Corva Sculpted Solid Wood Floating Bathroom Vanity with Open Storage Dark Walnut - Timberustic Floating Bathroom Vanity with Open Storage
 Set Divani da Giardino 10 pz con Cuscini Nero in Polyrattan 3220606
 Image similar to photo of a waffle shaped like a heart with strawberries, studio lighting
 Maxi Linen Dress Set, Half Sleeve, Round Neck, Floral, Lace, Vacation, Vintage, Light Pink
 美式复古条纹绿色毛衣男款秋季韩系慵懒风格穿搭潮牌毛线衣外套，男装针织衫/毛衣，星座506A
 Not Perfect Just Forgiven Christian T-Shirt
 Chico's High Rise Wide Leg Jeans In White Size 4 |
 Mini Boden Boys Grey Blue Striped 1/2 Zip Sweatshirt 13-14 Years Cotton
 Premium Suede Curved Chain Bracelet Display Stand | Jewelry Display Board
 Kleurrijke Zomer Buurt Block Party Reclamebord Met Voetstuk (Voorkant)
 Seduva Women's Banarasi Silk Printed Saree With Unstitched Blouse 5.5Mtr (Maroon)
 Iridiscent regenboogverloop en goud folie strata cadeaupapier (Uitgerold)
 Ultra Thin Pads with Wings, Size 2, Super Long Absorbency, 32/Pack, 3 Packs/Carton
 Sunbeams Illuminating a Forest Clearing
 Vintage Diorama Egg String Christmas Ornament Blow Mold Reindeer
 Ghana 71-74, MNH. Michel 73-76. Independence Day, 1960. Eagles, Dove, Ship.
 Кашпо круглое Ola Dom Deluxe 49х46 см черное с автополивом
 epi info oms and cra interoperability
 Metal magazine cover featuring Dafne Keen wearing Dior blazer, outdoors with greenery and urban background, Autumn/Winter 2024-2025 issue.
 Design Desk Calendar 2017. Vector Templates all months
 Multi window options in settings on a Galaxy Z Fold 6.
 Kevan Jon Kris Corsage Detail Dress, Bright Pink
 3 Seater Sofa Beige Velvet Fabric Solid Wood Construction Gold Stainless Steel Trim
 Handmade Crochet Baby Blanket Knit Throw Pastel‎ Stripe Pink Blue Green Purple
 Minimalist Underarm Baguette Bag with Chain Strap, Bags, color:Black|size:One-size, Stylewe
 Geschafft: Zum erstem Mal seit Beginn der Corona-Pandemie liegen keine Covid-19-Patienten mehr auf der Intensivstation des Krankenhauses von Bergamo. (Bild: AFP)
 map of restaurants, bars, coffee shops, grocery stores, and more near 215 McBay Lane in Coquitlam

※

[Task objective] Could you print the lines of the records above from the one containing "Chico's High Rise" through the last, exactly and with no additions?

[Your response]
 Chico's High Rise Wide Leg Jeans In White Size 4 |
 Mini Boden Boys Grey Blue Striped 1/2 Zip Sweatshirt 13-14 Years Cotton
 Premium Suede Curved Chain Bracelet Display Stand | Jewelry Display Board
 Kleurrijke Zomer Buurt Block Party Reclamebord Met Voetstuk (Voorkant)
 Seduva Women's Banarasi Silk Printed Saree With Unstitched Blouse 5.5Mtr (Maroon)
 Iridiscent regenboogverloop en goud folie strata cadeaupapier (Uitgerold)
 Ultra Thin Pads with Wings, Size 2, Super Long Absorbency, 32/Pack, 3 Packs/Carton
 Sunbeams Illuminating a Forest Clearing
 Vintage Diorama Egg String Christmas Ornament Blow Mold Reindeer
 Ghana 71-74, MNH. Michel 73-76. Independence Day, 1960. Eagles, Dove, Ship.
 Кашпо круглое Ola Dom Deluxe 49х46 см черное с автополивом
 epi info oms and cra interoperability
 Metal magazine cover featuring Dafne Keen wearing Dior blazer, outdoors with greenery and urban background, Autumn/Winter 2024-2025 issue.
 Design Desk Calendar 2017. Vector Templates all months
 Multi window options in settings on a Galaxy Z Fold 6.
 Kevan Jon Kris Corsage Detail Dress, Bright Pink
 3 Seater Sofa Beige Velvet Fabric Solid Wood Construction Gold Stainless Steel Trim
 Handmade Crochet Baby Blanket Knit Throw Pastel‎ Stripe Pink Blue Green Purple
 Minimalist Underarm Baguette Bag with Chain Strap, Bags, color:Black|size:One-size, Stylewe
 Geschafft: Zum erstem Mal seit Beginn der Corona-Pandemie liegen keine Covid-19-Patienten mehr auf der Intensivstation des Krankenhauses von Bergamo. (Bild: AFP)
 map of restaurants, bars, coffee shops, grocery stores, and more near 215 McBay Lane in Coquitlam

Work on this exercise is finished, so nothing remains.